Your assignment =>
Pictures stay out of the output. Return exactly the lines below from the one with "grey bead/crystal headwrap" down to the one with "Buy XCMG XE350D Used Excavator / 3", both included, and nothing more.

==== Records for this task

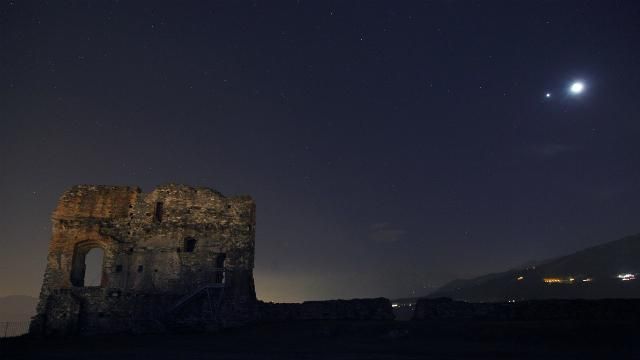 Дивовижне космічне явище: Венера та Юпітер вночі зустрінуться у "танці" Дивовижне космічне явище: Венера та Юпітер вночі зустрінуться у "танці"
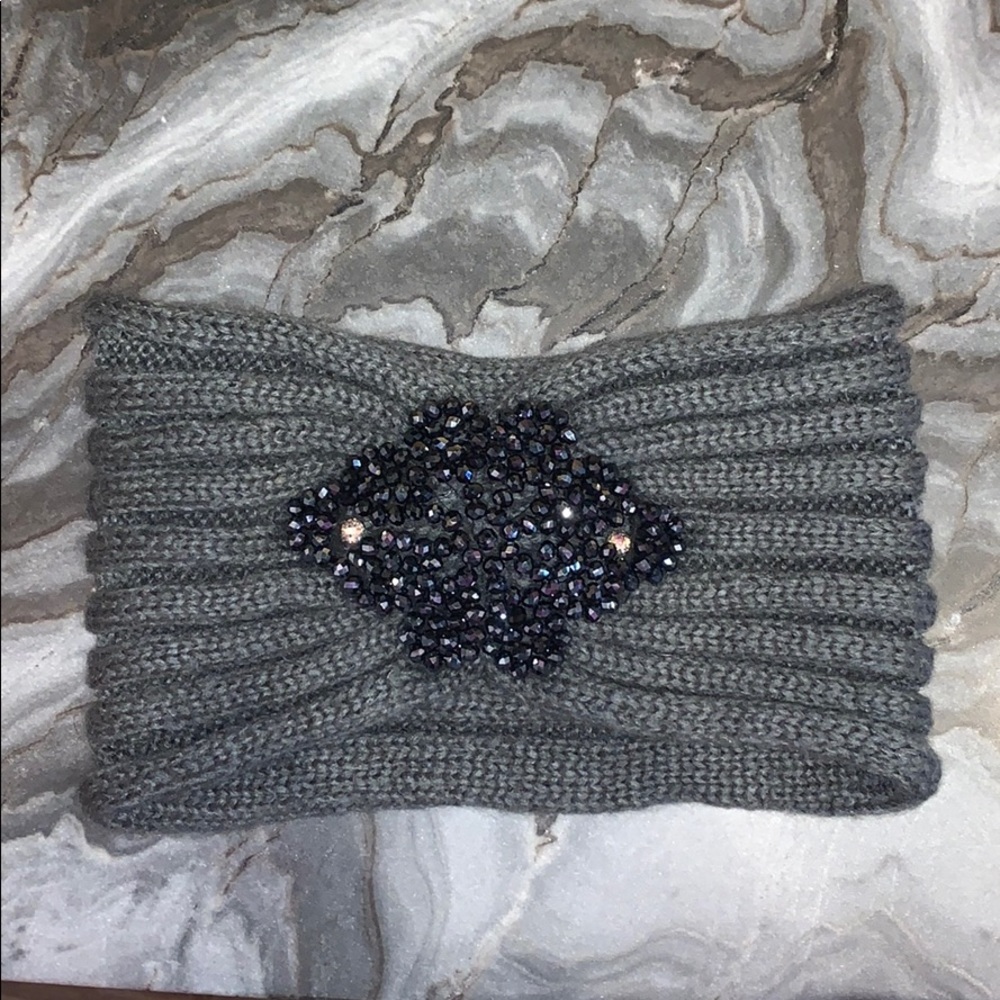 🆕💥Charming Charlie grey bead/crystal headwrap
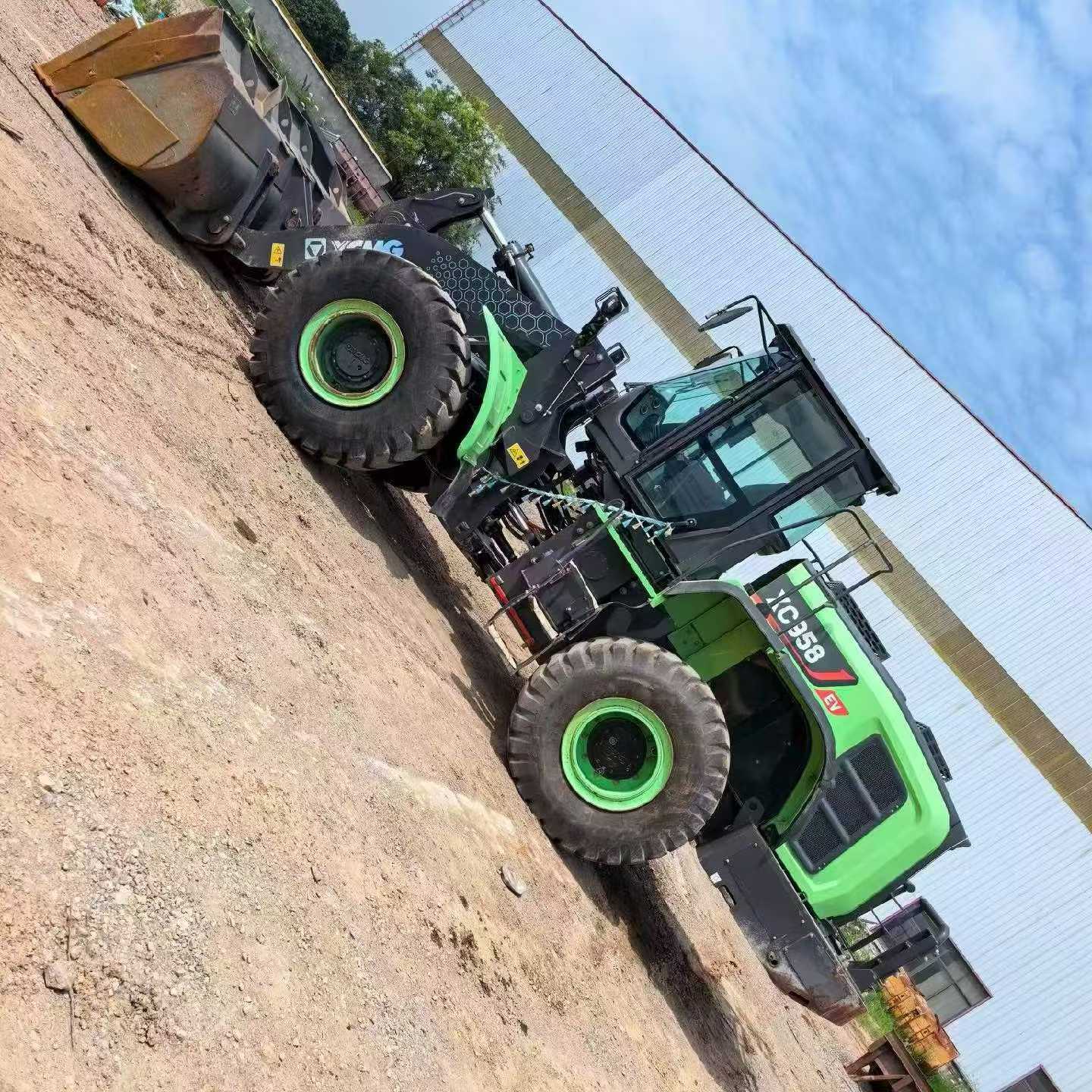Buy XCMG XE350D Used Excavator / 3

========
==== Records for this task

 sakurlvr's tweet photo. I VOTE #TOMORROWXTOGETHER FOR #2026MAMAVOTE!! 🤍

========
==== Records for this task

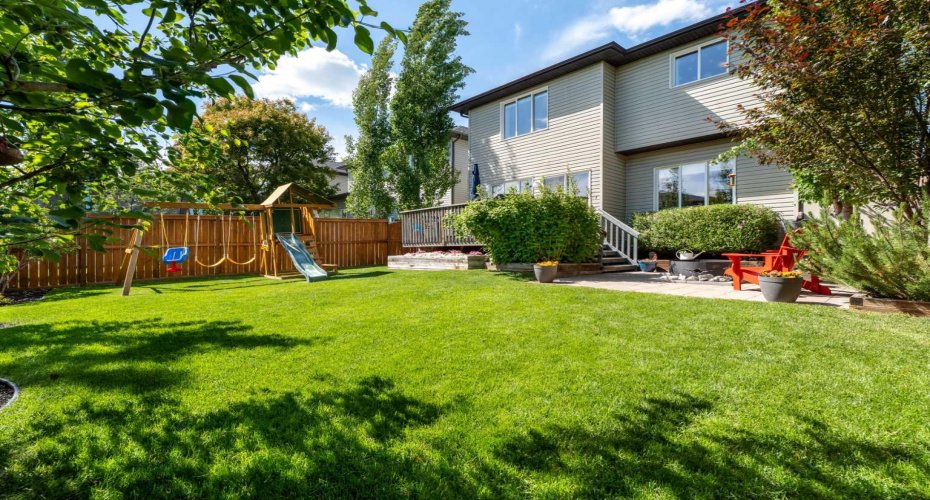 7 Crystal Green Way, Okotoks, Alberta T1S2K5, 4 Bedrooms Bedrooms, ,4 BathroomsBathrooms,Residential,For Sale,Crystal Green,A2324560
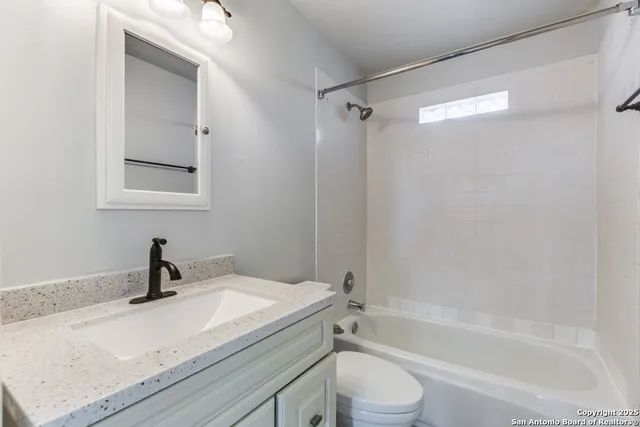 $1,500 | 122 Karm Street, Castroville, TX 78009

========

Your response =>
 🆕💥Charming Charlie grey bead/crystal headwrap
Buy XCMG XE350D Used Excavator / 3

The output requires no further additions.